How these vaccines are built reads like bizarro science fiction. The Glaxo vaccine pops a little segment of harmless Ebola code into a virus that gives chimpanzees the sniffles, while its Canadian cousin sews a stretch of Ebola’s genetic material into a virus that makes cows break out in skin ulcers.
For simplicity’s sake, I’m going to call them Chimp Sniffles and Cow Blister, respectively.
Cow Blister (rVSV-ZEBOV) started out as a vesicular stomatitis virus, VSV. A member of the Rhabdoviridae family – which also includes rabies and the lesser-known lettuce necrotic yellows virus – this virus infects livestock: cattle, horses, pigs.
When animals get sick with VSV, they look like Seabiscuit with nightmare herpes, their lips and cheeks blooming with fluid-filled mucosal vesicles and raw ulcerations.

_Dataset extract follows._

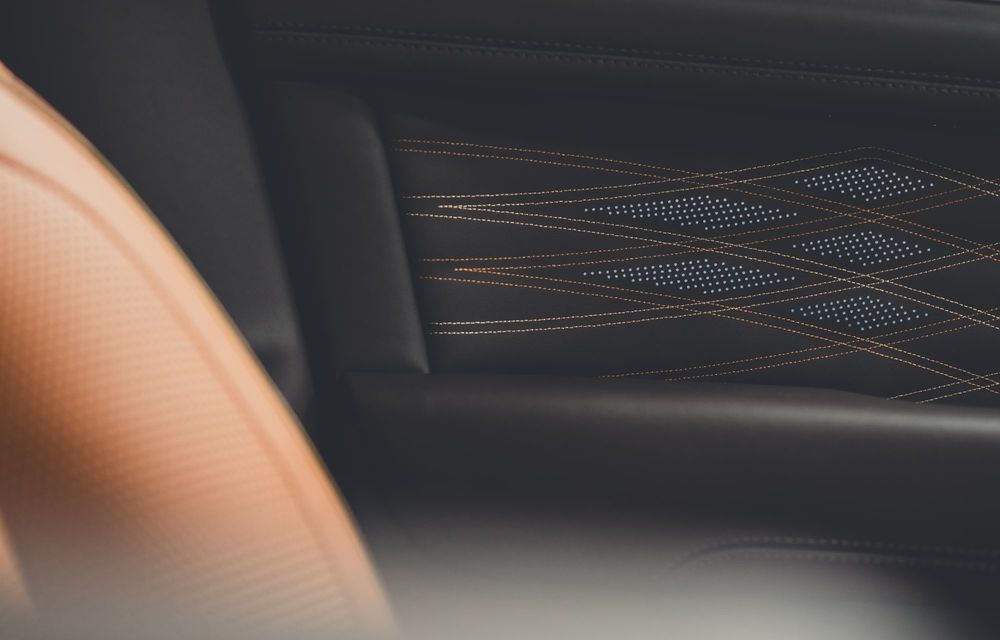 Imagini noi cu interiorul unui viitor model Bentley. Va avea un nou tip de piele ecologică - Poza 6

Infections in humans are very rare and have been reported in cases of direct exposure such as a lab accident and contact with infected animals; thankfully, in people it is also much less aesthetically confrontational, resulting in a mild flu-like illness, if symptoms even bother to show up at all.

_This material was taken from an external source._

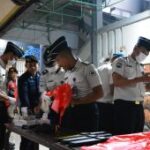 Petugas gabungan razia Rutan Pacitan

One of the proteins encoded in VSV’s genome is its envelope, a sheath that covers all the other proteins of the virus. VSV’s envelope is what allows the virus to break into the cell by mimicking the secret biochemical handshake of a more welcome protein. And, lucky for us, it turns out that the VSV envelope is also what causes disease.

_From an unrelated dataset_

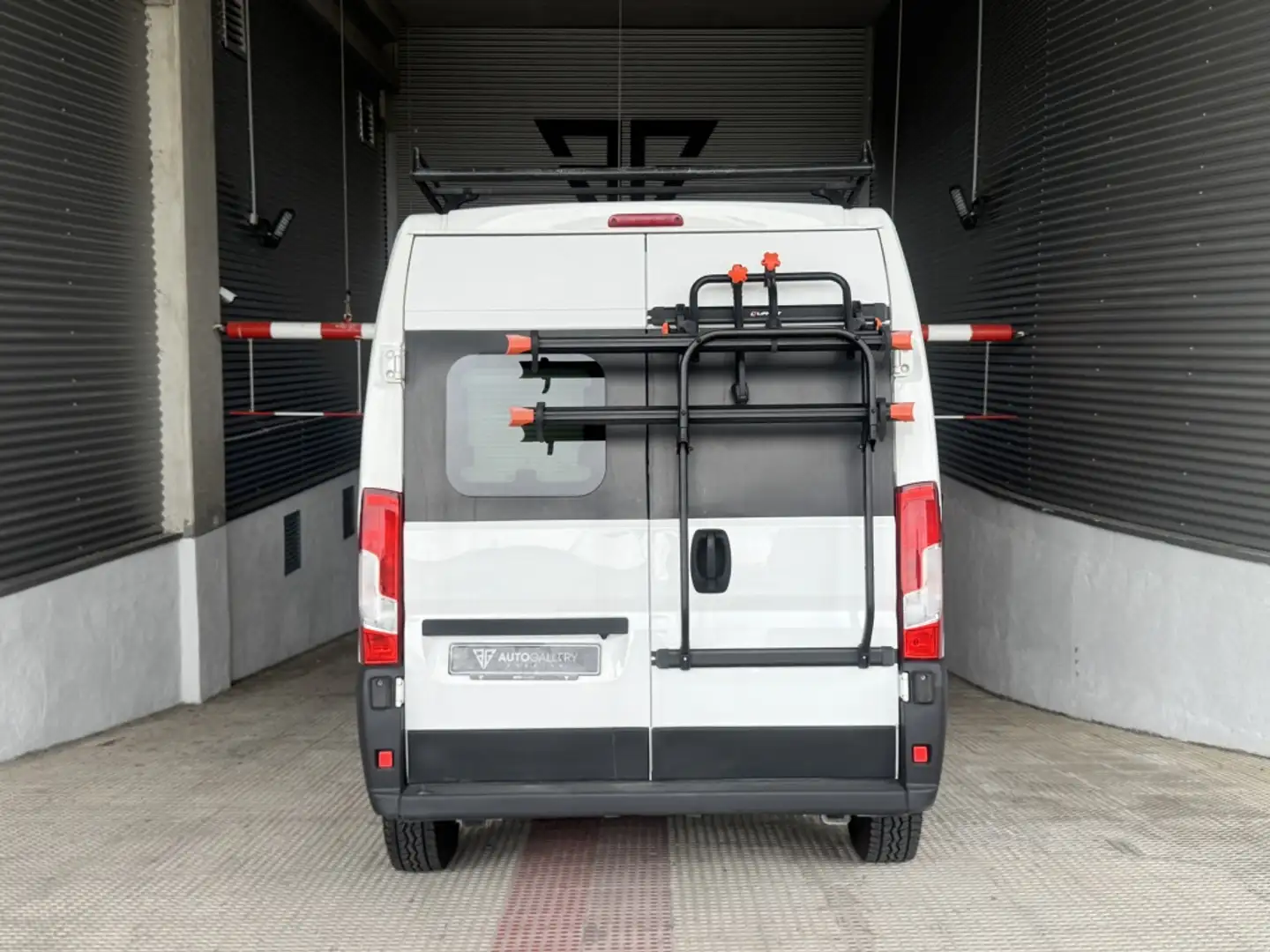 Peugeot Boxer Furgón 2.2HDI 333 L2H2 110 Blanco - 2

What happens from here is your basic Mr. Potato Head. Researchers chunk out the envelope gene from their Cow Blister virus, which simultaneously weakens it and removes the virus’s genetic blueprints for causing harm. The warm spot left by the now-gone VSV envelope gene is then reclaimed by that of an Ebola envelope gene. The technical term for such swappery is recombination. Cow Blister is a live, attenuated recombinant, vesicular stomatitis virus-cum-vaccine vector, which is a really precise way of saying it’s something harmless dressed up in an Ebola costume. Teach the guards to recognize the costume so when the real deal shows up, everybody already knows who they are, preventing the Ebola virus from slipping under the immunogenic radar, as is its modus operandi. And no: You cannot get Ebola from this vaccine any more than you can fill your stomach with the aroma of food cooking.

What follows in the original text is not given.